女優の蒼井優と黒沢清監督が、ファッションメディア「ELLE」による「エル シネマアワード2020」で、それぞれ「エル ベストアクトレス賞」と「エル ベストディレクター賞」を受賞し、7日にオンライン生配信で行われた授賞式に参加した。

  • 「エル シネマアワード2020」にVTR出演した蒼井優と黒沢清監督

10月16日に公開された『スパイの妻』は、第77回ベネチア国際映画祭 銀獅子賞(監督賞)を受賞。日本人が同賞を受賞するのは17年前の『座頭市』の北野武監督以来という快挙を成し遂げた。

同作で主演を務めた蒼井は「エル ベストアクトレス賞」を受賞。
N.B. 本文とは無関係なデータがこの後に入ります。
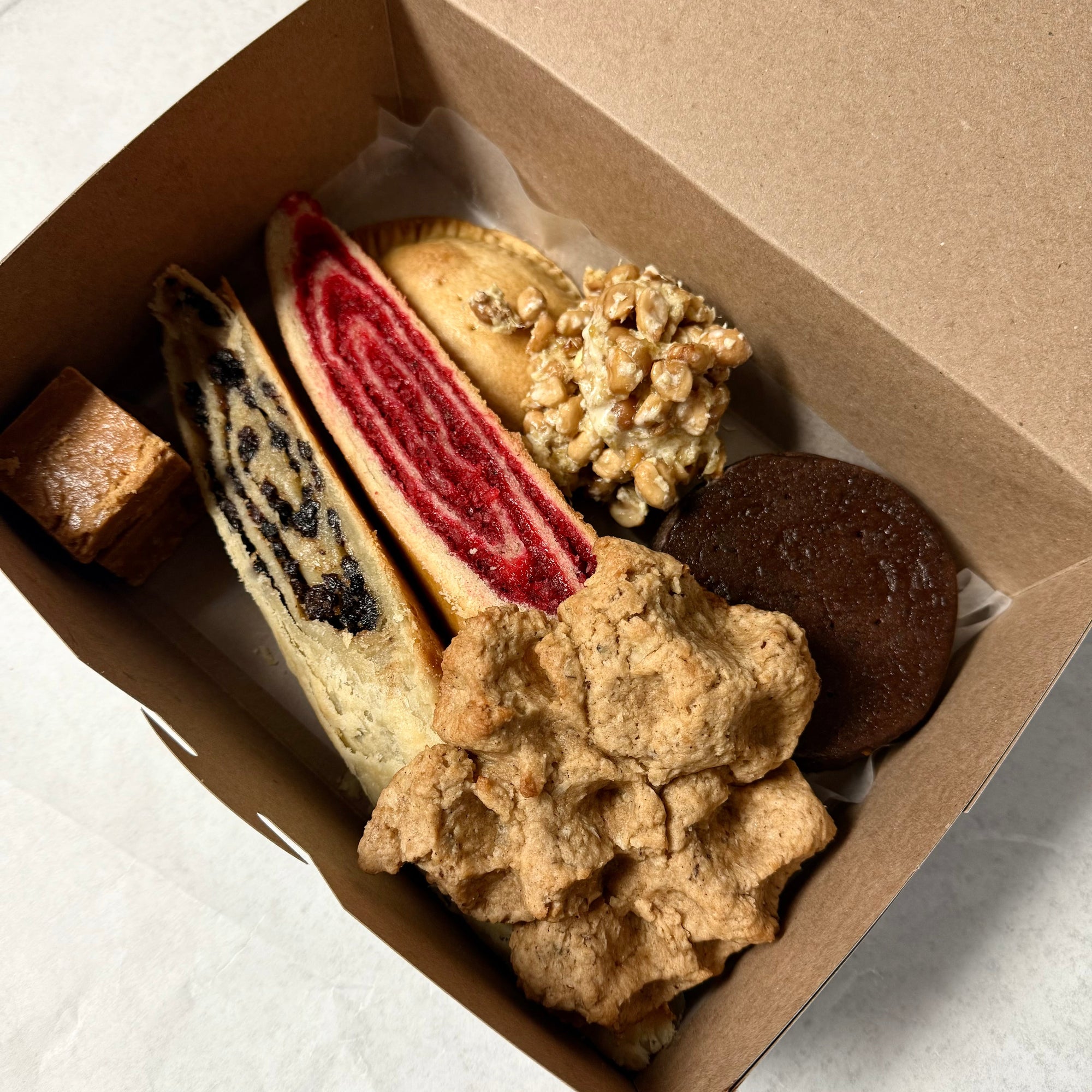 Assorted Grenadian Treat in cardboard box.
ヴァレンティノのロングドレスに、ショパールのダイヤモンドのネックレスを着用し、受賞者VTRに登場した。

蒼井は「自分の中で迷いながら、悩みながら、作品をやっていたので、頑張れという意味だと思って、ありがたく受け取らせていただきます」と謙虚なコメントを寄せ、「改めて、こんな状況のなかだからこそ、映画や舞台でしか得られないエネルギーがあるということを知ることができて、今よりもう少し背筋を伸ばして作品づくりに挑んでいきたい」と心境の変化と今後の意欲を語った。

同作でメガホンを取り、新たな「世界のクロサワ」の名を世界に轟かせた黒沢監督は、優れた監督に贈られる「エル ベストディレクター賞」に選出。アルマーニのタキシードで登場した。

黒沢監督は「ファッション雑誌の賞をいただくということは予想もしていなかったので、本当にびっくりしました」と驚きを見せたうえで、「『スパイの妻』という映画は、これまでになく衣装やメイク、髪型などに相当気を使って作りましたので、そのことが評価されたのかな」と分析。銀獅子賞については「先に進むための第一歩」と位置付け、「今年は映画を作ることはできませんでしたので、来年こそは、新しい映画をなんとしても作りたい」と強い思いを語った。

そのほか「エル シネマアワード2020」では「エル メン賞」を横浜流星、「エル・ガール ニューディレクター賞」を池田エライザが受賞した。